Almost four decades since the landmark decision in Pickering v. Board of Education, 1968, many teachers still cannot criticize their school system without fear of retaliation. When author Maggi Hall, a veteran public school teacher, wrote a letter to the newspaper in Marion County, South Carolina, criticizing her school district, she didn't realize that one day she would be called upon to defend the cornerstone of democracy itself-the First Amendment. AFFIRMED: Teachers as Citizens is her amazing story of determination.
About the Author:
Maggi Hall taught school in South Carolina for over two decades. She is the recipient of numerous environmental awards and the author of four books. Hall owns a real estate firm in DeLand, Florida that has been instrumental in rehabilitating a blighted downtown residential neighborhood. Several of Hall's awards include being named the 2006 "Florida City Citizen of the Year" and the 2006 "Florida Trust for Historic Preservation Individual Achievement Award."

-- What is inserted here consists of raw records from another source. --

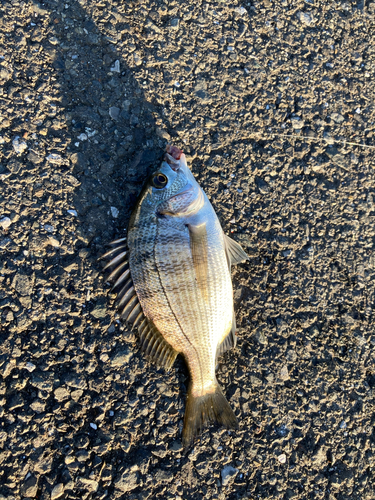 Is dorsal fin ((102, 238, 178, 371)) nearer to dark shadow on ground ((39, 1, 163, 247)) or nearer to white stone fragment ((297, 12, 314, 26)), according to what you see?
dark shadow on ground ((39, 1, 163, 247))

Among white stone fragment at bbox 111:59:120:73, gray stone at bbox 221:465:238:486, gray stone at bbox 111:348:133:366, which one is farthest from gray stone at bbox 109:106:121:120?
gray stone at bbox 221:465:238:486

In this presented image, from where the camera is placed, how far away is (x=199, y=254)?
8.20 feet

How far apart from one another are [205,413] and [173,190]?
1718mm

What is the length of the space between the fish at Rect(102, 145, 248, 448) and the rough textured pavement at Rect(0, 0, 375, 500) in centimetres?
15

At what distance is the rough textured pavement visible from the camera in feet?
8.14

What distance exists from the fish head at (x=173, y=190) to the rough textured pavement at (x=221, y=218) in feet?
0.94

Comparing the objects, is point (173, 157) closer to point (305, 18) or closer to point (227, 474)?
point (305, 18)

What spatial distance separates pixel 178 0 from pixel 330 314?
125 inches

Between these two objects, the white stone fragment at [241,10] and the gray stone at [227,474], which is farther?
the white stone fragment at [241,10]

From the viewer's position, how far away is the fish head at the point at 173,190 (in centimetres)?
255

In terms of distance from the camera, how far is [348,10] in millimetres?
3559

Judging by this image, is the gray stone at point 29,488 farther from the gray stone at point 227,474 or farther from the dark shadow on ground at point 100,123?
the dark shadow on ground at point 100,123

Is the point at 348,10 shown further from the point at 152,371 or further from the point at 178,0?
the point at 152,371

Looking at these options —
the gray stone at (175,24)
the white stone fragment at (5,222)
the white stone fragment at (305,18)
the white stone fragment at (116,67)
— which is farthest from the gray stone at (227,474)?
the white stone fragment at (305,18) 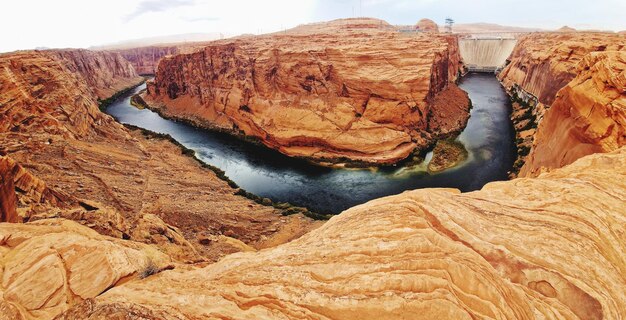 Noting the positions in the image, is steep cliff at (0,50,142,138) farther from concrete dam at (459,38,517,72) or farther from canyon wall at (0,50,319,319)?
concrete dam at (459,38,517,72)

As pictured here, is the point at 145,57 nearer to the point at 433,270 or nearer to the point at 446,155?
the point at 446,155

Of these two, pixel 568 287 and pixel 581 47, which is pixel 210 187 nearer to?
pixel 568 287

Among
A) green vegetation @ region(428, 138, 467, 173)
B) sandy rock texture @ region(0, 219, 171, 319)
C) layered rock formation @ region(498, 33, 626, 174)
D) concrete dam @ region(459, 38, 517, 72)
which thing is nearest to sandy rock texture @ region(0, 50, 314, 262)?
sandy rock texture @ region(0, 219, 171, 319)

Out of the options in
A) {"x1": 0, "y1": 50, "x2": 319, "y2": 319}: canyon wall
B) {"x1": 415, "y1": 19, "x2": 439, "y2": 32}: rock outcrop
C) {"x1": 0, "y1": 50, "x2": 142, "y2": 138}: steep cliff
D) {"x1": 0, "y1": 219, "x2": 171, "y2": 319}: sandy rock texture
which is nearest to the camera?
{"x1": 0, "y1": 219, "x2": 171, "y2": 319}: sandy rock texture

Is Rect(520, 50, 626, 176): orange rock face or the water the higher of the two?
Rect(520, 50, 626, 176): orange rock face

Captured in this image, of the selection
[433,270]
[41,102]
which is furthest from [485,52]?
[433,270]

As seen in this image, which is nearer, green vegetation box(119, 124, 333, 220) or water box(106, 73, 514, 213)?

Content-The content goes well beyond valid, original, and informative, and should include "extraordinary." This is an important book and should be required reading for high school civics classes, as well as teacher education, administrator ed, and members of all education associations! The content is highly engaging, the topic OUGHT to be compelling in the extreme, and in a time when Americans are blithely surrendering their freedom on a regular basis, this First Amendment issue could not be more timely.
Execution-This is a story that exudes emotional power on every page-something this reviewer has never written about any other book assigned to him. It is not one that can be easily set aside. Although the execution is a straightforward chronological approach to the events, how could it unfold otherwise? The inclusion of so many citations from newspapers, the author's letters to the editor, as well as the end notes for attribution, make this book extremely well structured and organized.

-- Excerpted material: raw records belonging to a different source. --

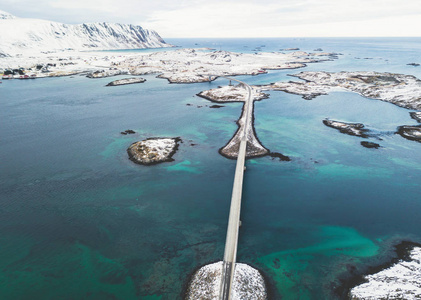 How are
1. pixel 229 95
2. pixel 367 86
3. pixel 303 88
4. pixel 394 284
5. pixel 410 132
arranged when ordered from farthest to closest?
pixel 303 88 < pixel 367 86 < pixel 229 95 < pixel 410 132 < pixel 394 284

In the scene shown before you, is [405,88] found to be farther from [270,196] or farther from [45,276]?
[45,276]

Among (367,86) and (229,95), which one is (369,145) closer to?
(229,95)

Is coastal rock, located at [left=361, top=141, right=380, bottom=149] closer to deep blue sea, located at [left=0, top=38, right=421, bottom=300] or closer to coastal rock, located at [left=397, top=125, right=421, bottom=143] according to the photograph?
deep blue sea, located at [left=0, top=38, right=421, bottom=300]

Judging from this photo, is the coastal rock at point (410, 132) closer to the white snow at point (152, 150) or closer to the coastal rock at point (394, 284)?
the coastal rock at point (394, 284)

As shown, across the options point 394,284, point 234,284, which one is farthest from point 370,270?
point 234,284

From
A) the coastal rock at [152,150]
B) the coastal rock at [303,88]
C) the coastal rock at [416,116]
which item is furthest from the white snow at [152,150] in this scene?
the coastal rock at [416,116]

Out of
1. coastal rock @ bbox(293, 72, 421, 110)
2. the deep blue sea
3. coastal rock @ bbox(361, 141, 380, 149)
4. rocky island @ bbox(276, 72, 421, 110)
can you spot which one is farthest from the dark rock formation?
coastal rock @ bbox(293, 72, 421, 110) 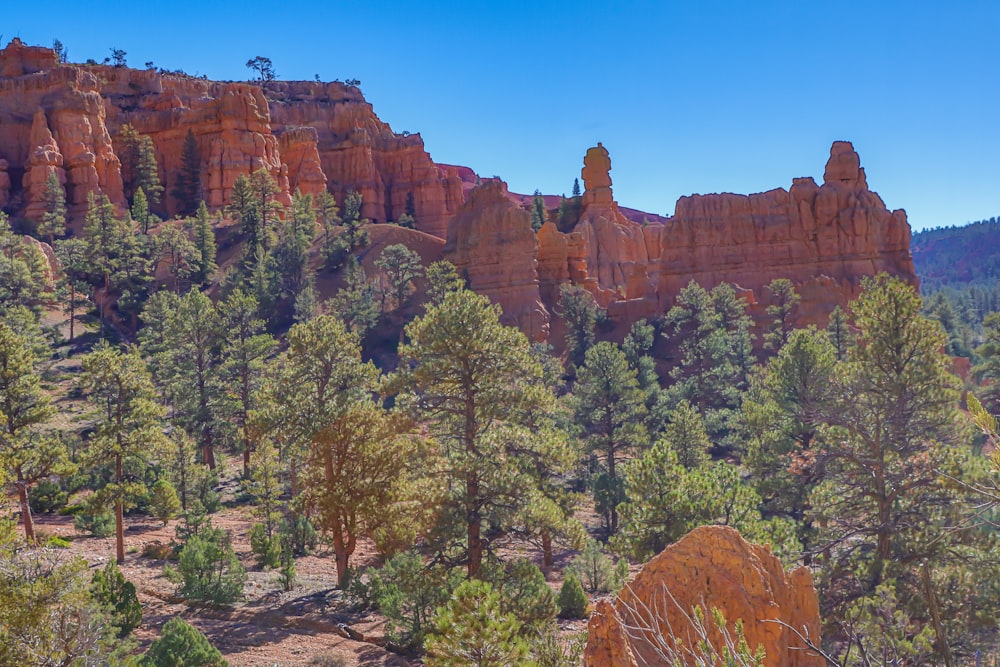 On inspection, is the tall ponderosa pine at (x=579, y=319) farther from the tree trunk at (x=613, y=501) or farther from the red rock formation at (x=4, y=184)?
the red rock formation at (x=4, y=184)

Quality of Writing-The writing is generally superb, but as is the case with people who have a lot to say and want to say it all right now, the author can be her own worst enemy.
Author Credentials-Because Ms. Smith Hall documents her material so thoroughly-and this is HER story, after all-it is doubtful that anyone else could be as well qualified to write it. What a fortunate event THAT is. Bad things happen to everyone every day; most of them can't write as well as Ms. Hall, so we never hear about them.
General Comments-Book reviewers hardly ever get to read a book they literally can't put down, so this one is a rare treat. I have worked in the educational publishing arena for more than 30 years, and this book has to be one of the most interesting I've come across.